Он уклоняется от прямого ответа, он слышит собственный голос: уже гораздо спокойнее он спрашивает Изабеллу, намеревалась ли она навестить Кирстен вообще. Готова ли была она вылететь в Нью-Йорк, а оттуда добираться поездом до Эйре. Вообще.
— Конечно, — тотчас отвечает Изабелла. — О чем же в таком случае мы с тобой говорим?
— А Кирстен не желает, чтоб ты приезжала? Она сказала, что тебе нечего приезжать?
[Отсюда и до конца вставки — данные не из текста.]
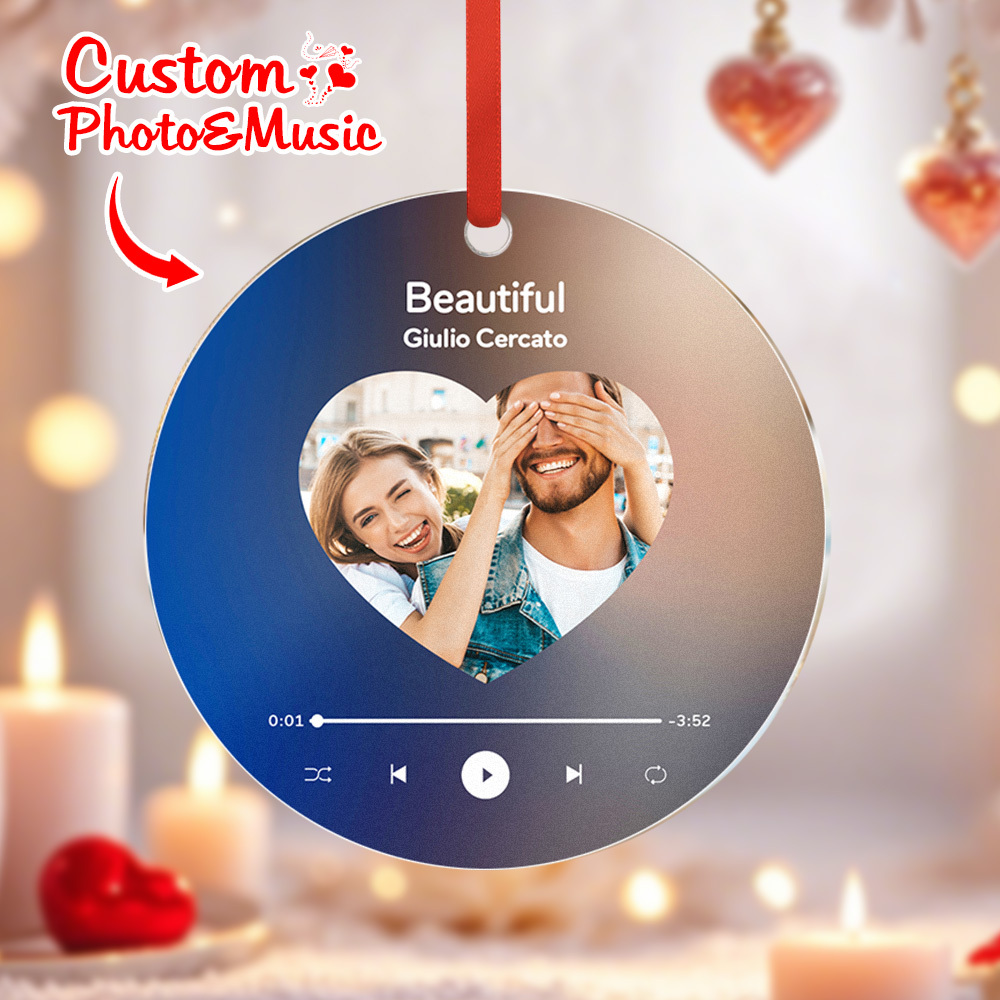 Personalized Music and Photo Ornaments Valentine's Day Gifts Idea For Couple - MyFaceUnderwearAU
— Она объявила Ханне, и воспитательнице, и доктору Хэзлет, что не выйдет ко мне, если я приеду, — говорит Изабелла, — она просила передать, что не сердится на меня — ах нет! — кому бы могло прийти в голову такое'.' — и, конечно же, не питает ко мне ненависти… но сейчас ей не хотелось бы меня видеть, только и всего. Она «предпочла бы» не видеть меня сейчас. Я полагала, ты все это знаешь.
— Думаю, она переменит свое решение, — говорит Оуэн, по-прежнему уклоняясь от прямого ответа и с трудом проглатывая комок в горле, — я что хочу сказать: ты действительно намеревалась туда лететь?.. Если…
— Силберы предлагали мне пожить у них несколько дней, — говорит Изабелла, — у них теперь, ты же знаешь, такой красивый большой особняк, впрочем, возможно, ты его и не видел, — на Восточной стороне. Шестьдесят восьмая улица, так что я вполне могла бы слетать туда и остановиться у них, а там наняла бы машину и съездила в Эйре, забрала бы Кирстен, и мы пожили бы какое-то время вместе в Нью-Йорке — походили бы по театрам, по музеям… Я бы приодела ее: Ханна как-то призналась, когда я звонила и Кирстен явно не было в комнате, что все вещи стали ей велики — так она похудела… и я думаю — Господи, я убеждена, — что они к тому же в ужасном состоянии: Кирстен ведь далеко не чистюля… всегда была такая… еще до этой беды с вашим отцом… она уже многие годы не в себе… просто ума не приложу, что с ней делать… возможно, придется настоять, чтобы она ушла из Эйре и полечилась у специалистов… возможно, придется поместить ее…
— Не надо, мама, — взмолился Оуэн. Но шепотом. Низкий голос его дрожал. — Слушай, мама, я вот что… ты говорила… про психоаналитика в Эйре — как ее зовут? — может, если б ты побеседовала с ней…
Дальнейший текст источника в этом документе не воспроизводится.